Exercise description - Starting with the line that contains "White gold Princess", copy every line through the end of the listing, exactly and only those. No pictures should appear in the copy.

Recorded information -
Segment Open

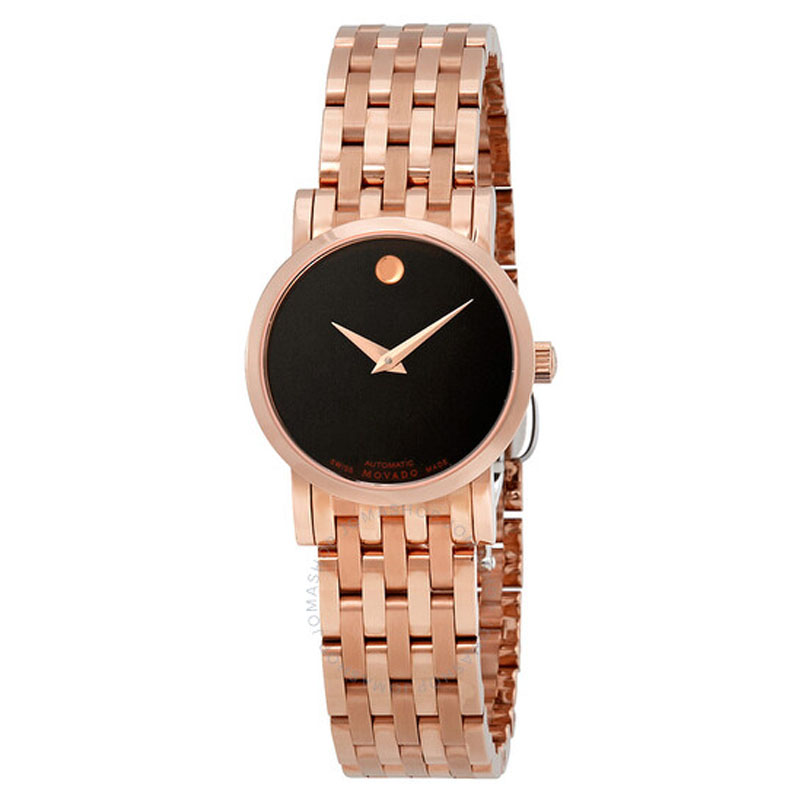 Movado Red Label Automatic Black Dial Ladies Watch 0607064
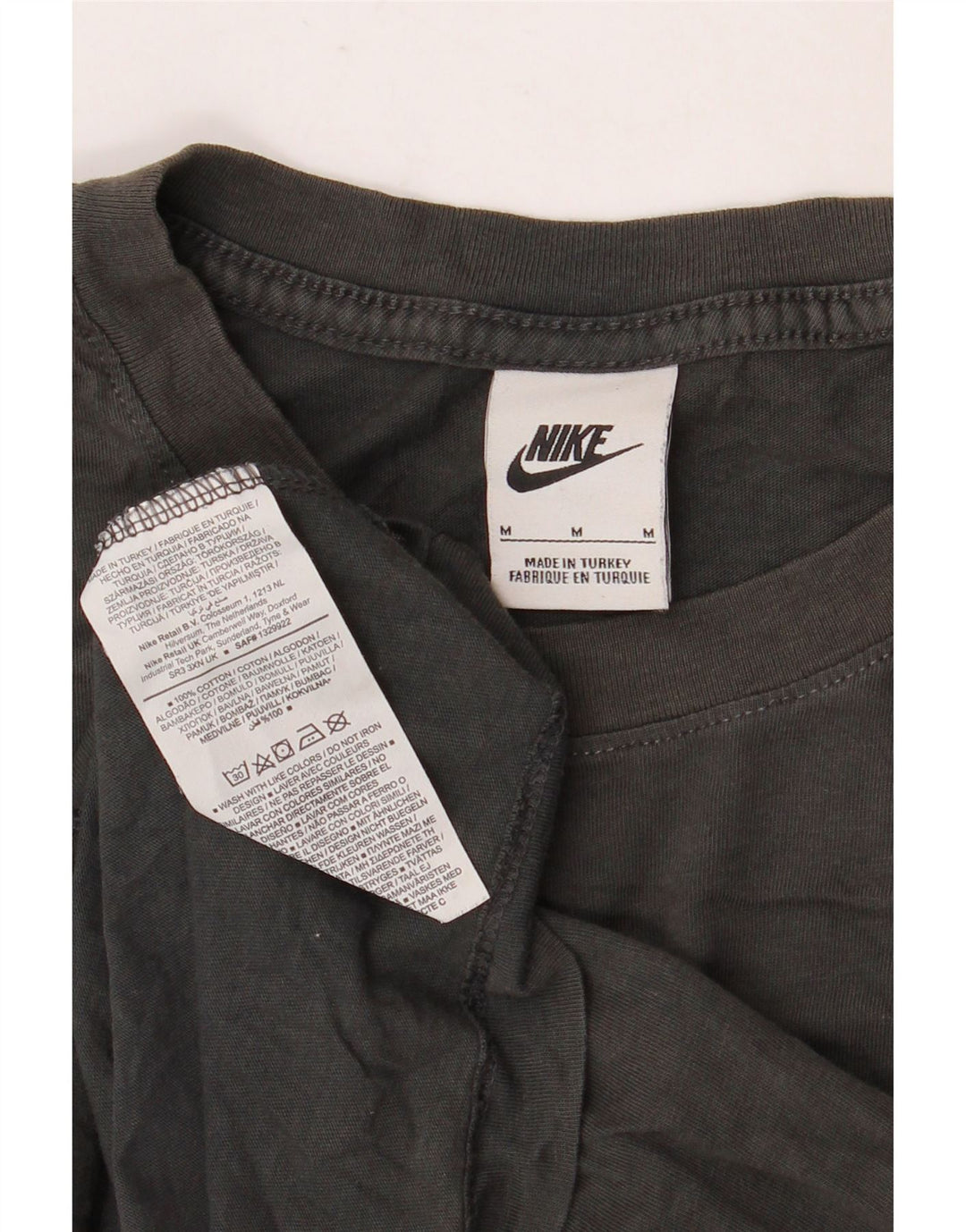 Camiseta gráfica masculina NIKE Top médio de algodão preto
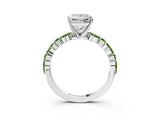 White gold Princess Cut Diamond Ring with Marquise and Round with Peridot side stone Side Stones and Four-Prong Setting_39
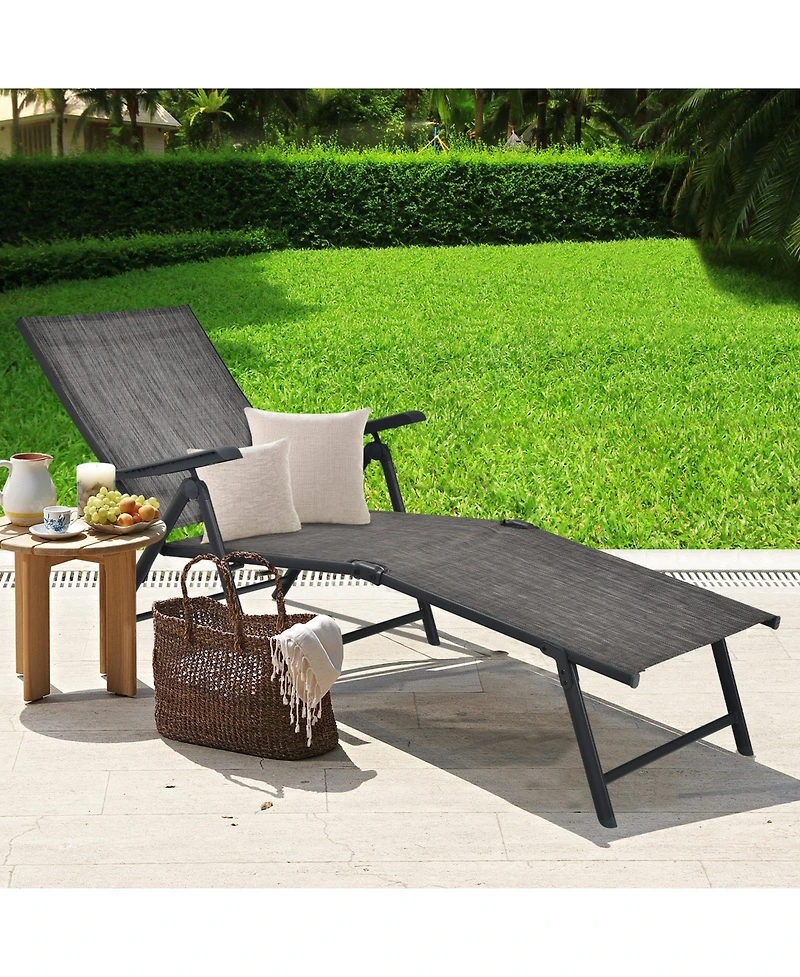 Gouun Patio Foldable Chaise Lounge Chair with Backrest and Footrest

Segment Closed

Result -
 White gold Princess Cut Diamond Ring with Marquise and Round with Peridot side stone Side Stones and Four-Prong Setting_39
 Gouun Patio Foldable Chaise Lounge Chair with Backrest and Footrest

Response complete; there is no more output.